Right now I'm struggling with transforming my equations to a coordinate system that is appropriate for this problem. I understand that using a rectangular grid is inefficient and hence a coordinate system is necessary that limits the computational domain so that more grid points are included in the boundary layer itself. I already read about a couple of transformation methods e.g. the Levy-Lees and Patankar-Spalding transformation.

So I have a couple of fundamental questions, that you might be able to answer.

So first of all, do these transformations fit the computational domain exclusively to the region of the boundary layer, so that the upper limit is exactly the boundary layer edge?

My second question is about the validity of the boundary layer equations outside the boundary layer. For example I could use a simple rectangular grid that is chosen big enough to include the entire boundary layer. So now a lot of the grid points would lie outside of the boundary layer. Since the boundary layer equations are tailored for solving the boundary layer, how would the solution outside of the boundary layer look like?
Would it be necessary to use PNS-equations to solve such a problem?

My third question is adressing the transformation methods. Some of them e.g. the streamfunction transformation and the Patankar-Spalding method make use of the streamfunction. I know how the streamfunction is defined in terms of the velocity components, but I don't get it how to define a function that describes the variation of the streamfunctions that cross the boundary layer edge.

Maybe someone out here in the forum can enlighten me

I appreciate your help!

[robo]

Wouldn't the flow outside of the boundary layer be trivial?

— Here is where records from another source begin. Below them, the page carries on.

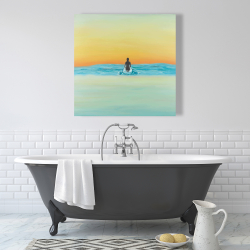 Canvas 36 x 36 - A surfer swimming by dawn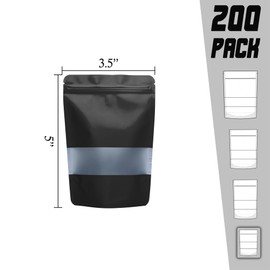 200 Pack Food Storage Bags, Foil Pouch Resealable Bags with Matte Window, Stand Up Sealable Bags for Packaging, 3.5"×5" Black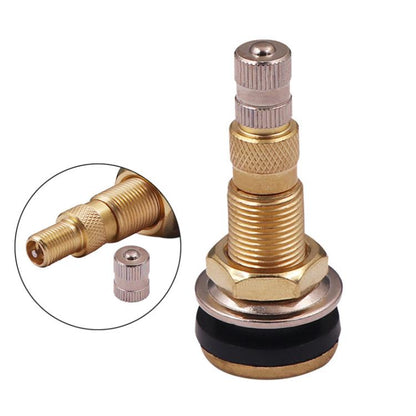 Brass agricultural tire valve stem with copper-toned insert and rubber base ring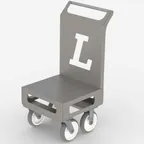 image of Lakeside 155048 Stainless Steel Utility Dolly, 300 lbs, 30x20 Platform, 8 Casters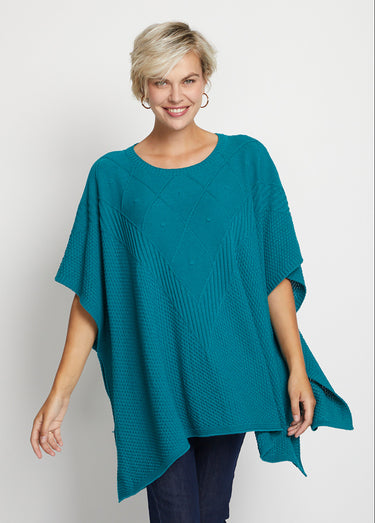 Pull cape en maille reliefée Vert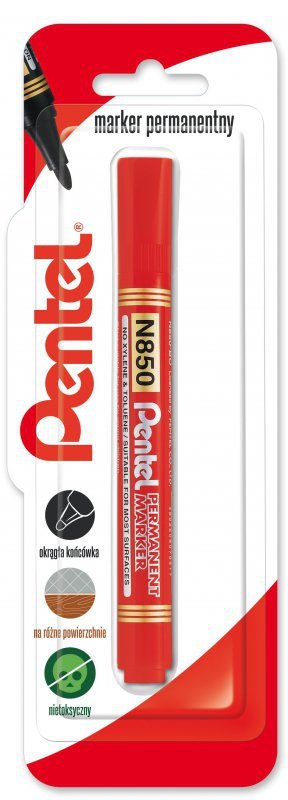 Marker permenentny z okrągłą końcówka N850, czerwony x 1 blister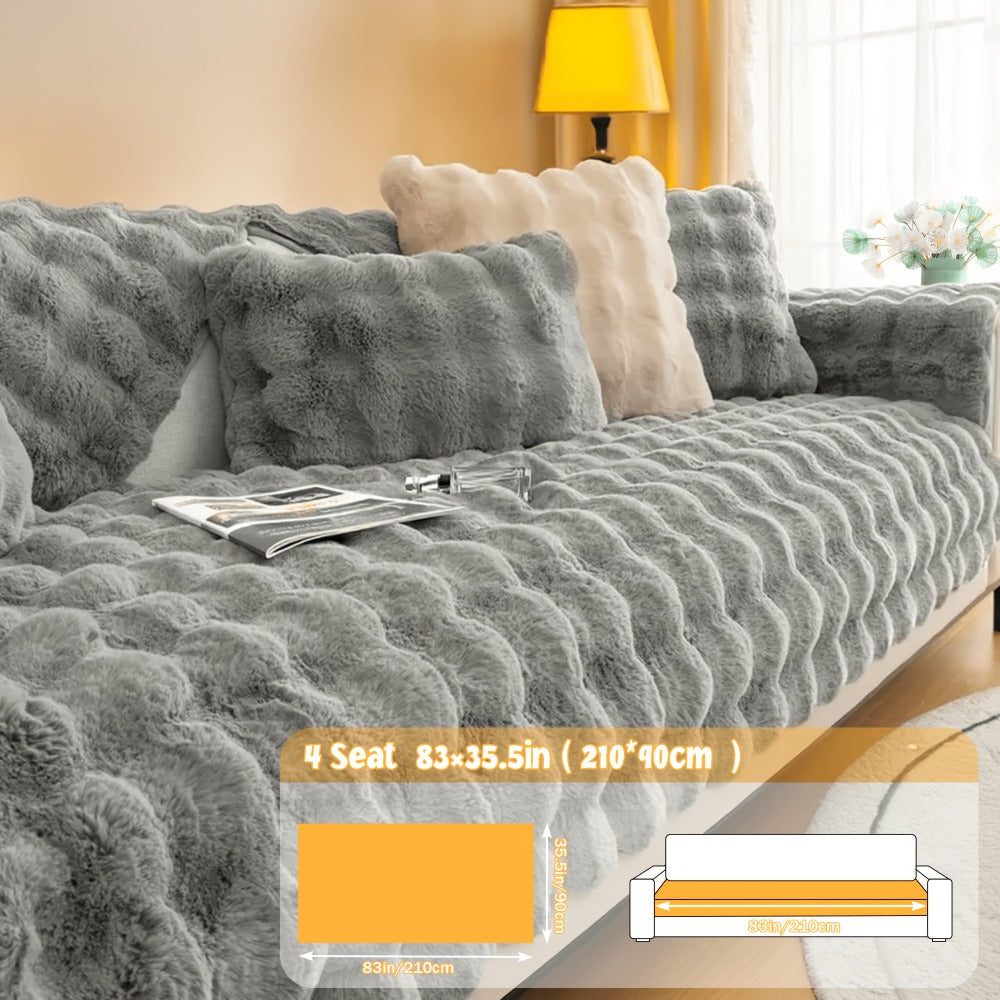 Sofa Cover Bubble Faux Rabbit Fur Panels with Silicone Non-Slip Backing for Seat, Armrest or Backrest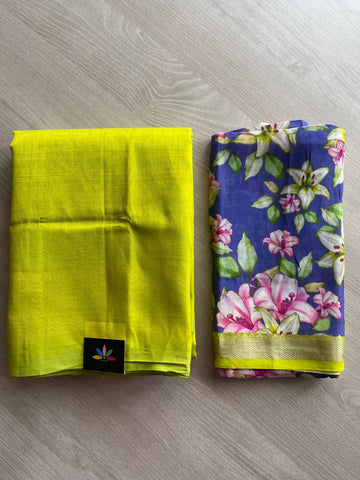 Yellowish Green Handloom Mangalagiri Silk Cotton Saree with Digital Printed Blouse Fabric -28596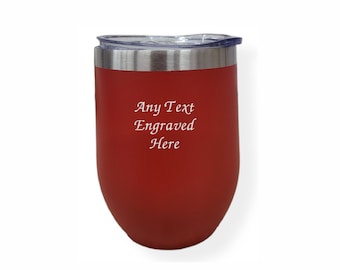 Personalised Red Matt 12oz Thermos Insulated Travel Cup Hot Cold Coffee Tea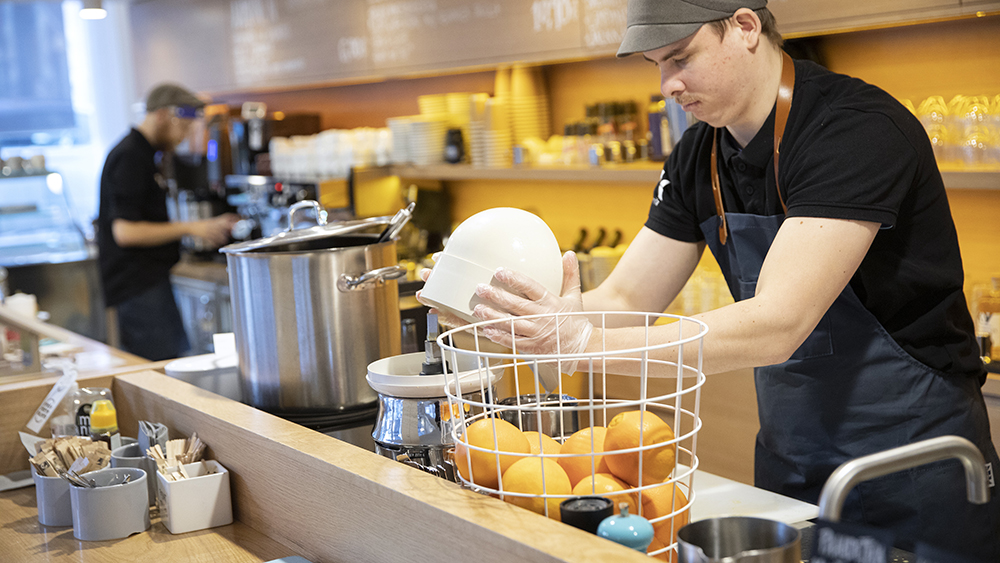 Employee at a coffee bar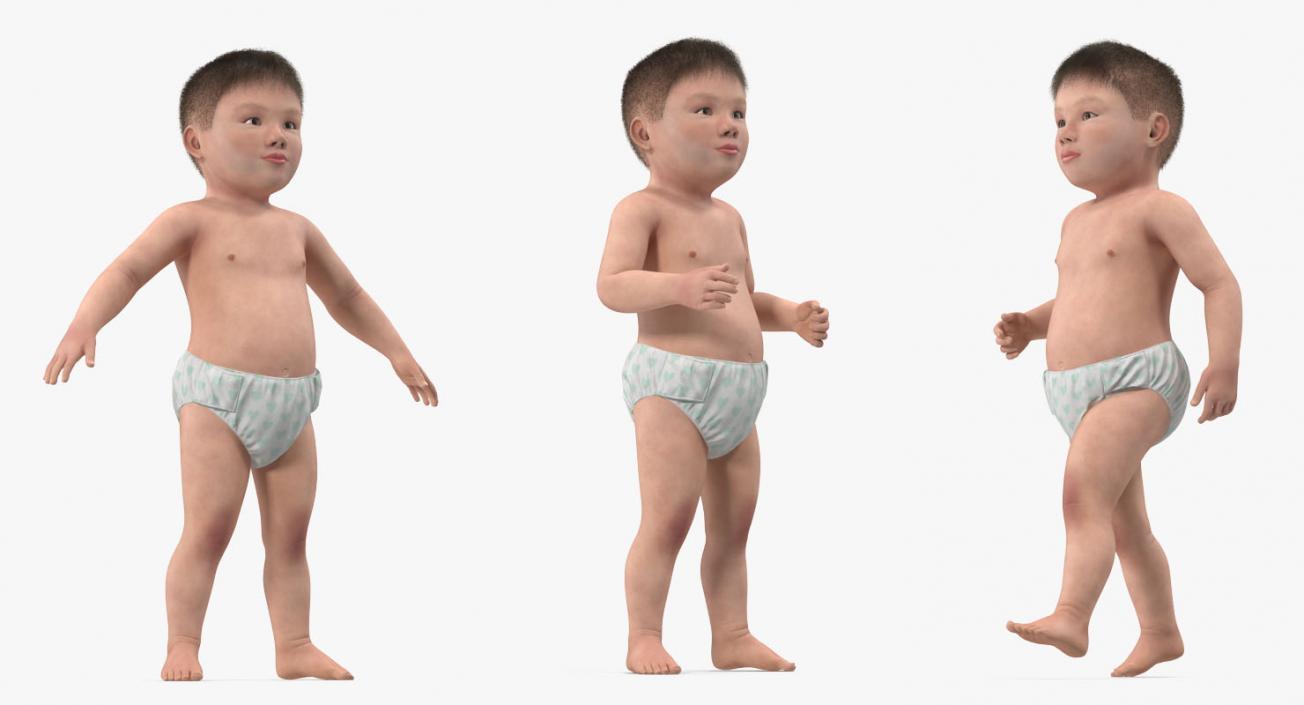 3D Asian Baby with Fur Rigged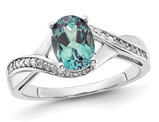 1.25 Carat (ctw) Oval Cut Lab-Created Alexandrite Ring in Sterling Silver with Diamonds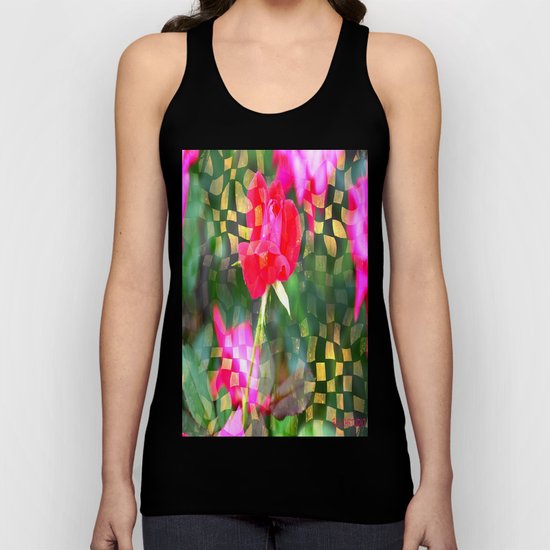 Checkered Rose Unisex Tank Top
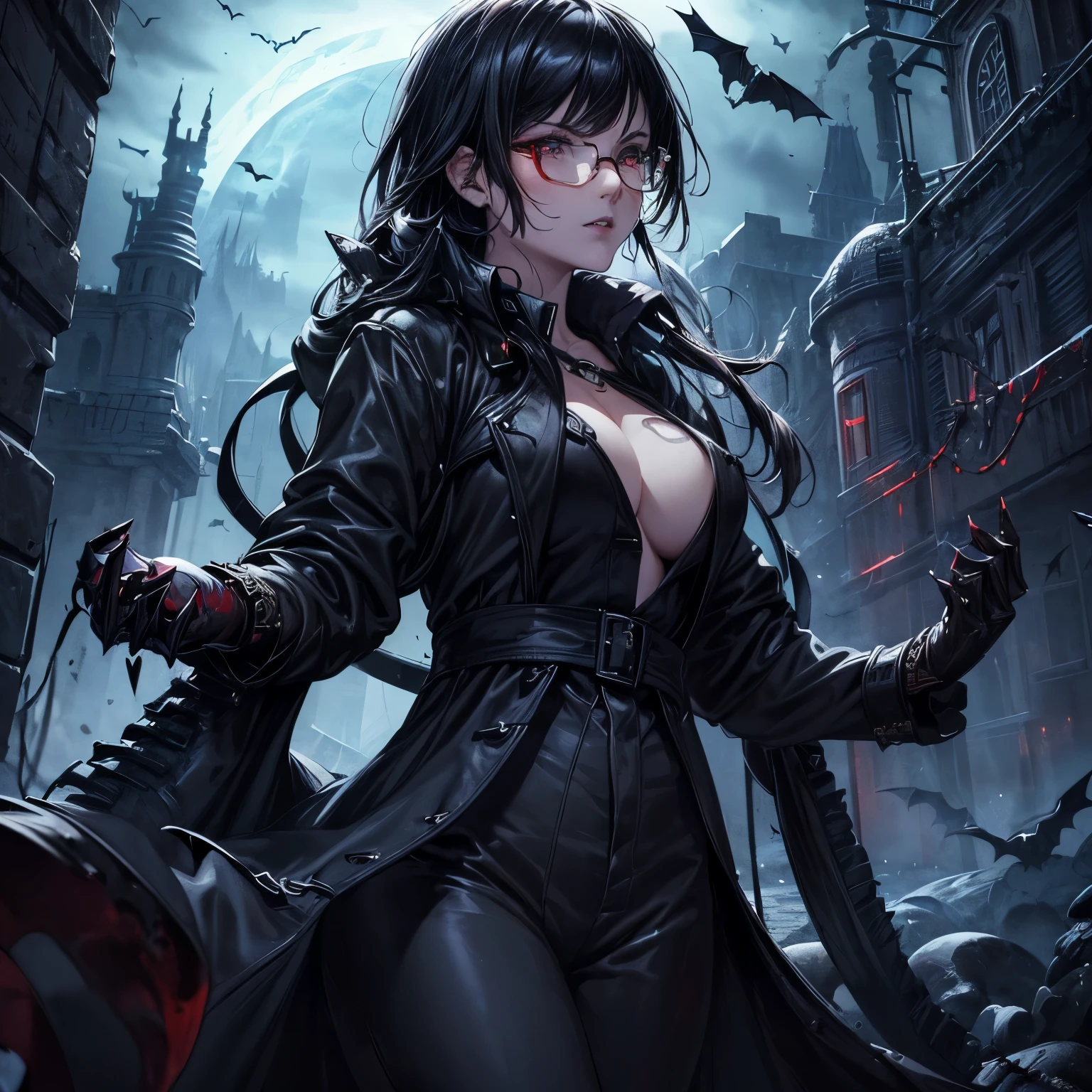 (High resolution), (best quality), masterpiece), (intricate detail), (masterpiece), (intricate detail), solo, (solo), ((solo)), physically fit, curvy, pale skin, fierce expression, dark eyes, (detailed eyes), looking at viewer, red_rimmed eyes, (detailed hands), closed_mouth, (black hair), shorthair, full body, lewd expression, medium breast, beautiful, malevolent energy, (topwear:((shirt:black, trench_coat:black)), (handwear:((gauntles)), bottomwear:(pant:blue))), blood dripping, glasses, dark tinted glasses, smirking, menacing, surrounded by bats, castle background, bats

The outer flow is essentially inviscid, and it's just a flat plate, so it'd be constant velocity, constant pressure, would it not? I feel like I am misunderstanding the problem...

[Obad]

Hi,

the flow is certainly not trivial outside the boundary layer. The flow outside the boundary is effected by the boundary layer itself, e.g. the streamlines will deflect upwards. Just imagine the flow would be supersonic, then there would be a shock wave at the leading edge and velocity, pressure etc. will change greatly.

The question is if the additional simplifications of the boundary layer equations compared to the PNS equations make a big difference?

For a 2D flow the difference is the y-momentum equation, which for the boundary layer diminishes to the pressure term only.